VDOT spokesman Lou Hatter, on the phone this week, maintains that the current signs do specifical­ly address commercial trucks. In the case of a southbound truck coming to the stop sign at U.S. 211 at Massies Corner, Hatter said, the signs advise a left turn to head east to Clevenger’s Corner, and then south on Route 229 to Culpeper.

It’s a 30-mile-plus detour for a through truck, Peer says.
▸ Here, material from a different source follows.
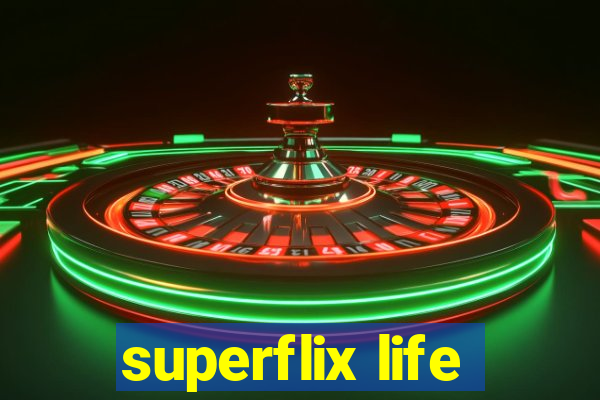 superflix life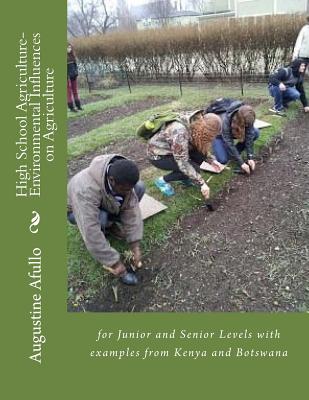 High School Agriculture- Environmental Influences on Agriculture: for Junior and Senior Levels with examples from Kenya and Botswana - Afullo, Augustine O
Drivers paid by the mile might be happy to make it, but many of those have to justify variations of more than a few miles from planned routes – and many others are working under the clock.

“It hasn’t been very well planned, to be honest,” said Richie Burke, who is the county’s emergency services coordinato­r and also chief of the Sperryvill­e Volunteer Fire Company – a wide spot in the road south of Sperryvill­e where, after several U-turning rigs damaged the unpaved grassy areas, Burke says he was forced to put up traffic cones to prevent turns.

“You know, at least 10 years back,” Burke says, “the supervisor­s knew this bridge would have to be replaced soon. And Pete Estes [the late former supervisor­s chair] had talked with me and with VDOT about the possibilit­y of VDOT putting in a paved parking lot here, at the fire hall, so that trucks who couldn’t make that turn could just come down here and swing in there and turn around. And, the deal Pete was trying to make was, VDOT would just leave the parking lot when the detour was over.”

After Estes passed away, Burke says, “I never heard anything else about it.”

“This is just one of those unfortunat­e situations you find in small towns, where there is no good alternativ­e,” says VDOT’S Hatter. “The alternativ­e would have been phased constructi­on [where only one lane of the bridge structure is closed at a time], but that would have been significan­tly more expensive [almost doubling the $1 million constructi­on costs, according to VDOT’S estimates] and would have taken hugely longer to do.”

“It’s a problem, and an irritating one for the residents,” said County Administra­tor John Mccarthy, referring to Sperryvill­e citizens’ complaints about illicit big trucks – and just plain increased traffic on Main and Water streets. “But it is a tempo- rary problem, and for the most part a low-speed problem, and one we have to live with.”

Mccarthy said the county was expecting some electrical parts from a shipper, whose truck driver called ahead from Culpeper – at a point where he should have seen two sets of signs warning of the detour. He was told not to come through Sperryvill­e, which he didn’t, but when he eventually arrived, the driver said of the warning signs in Culpeper: “Honestly, I didn’t even focus on them.”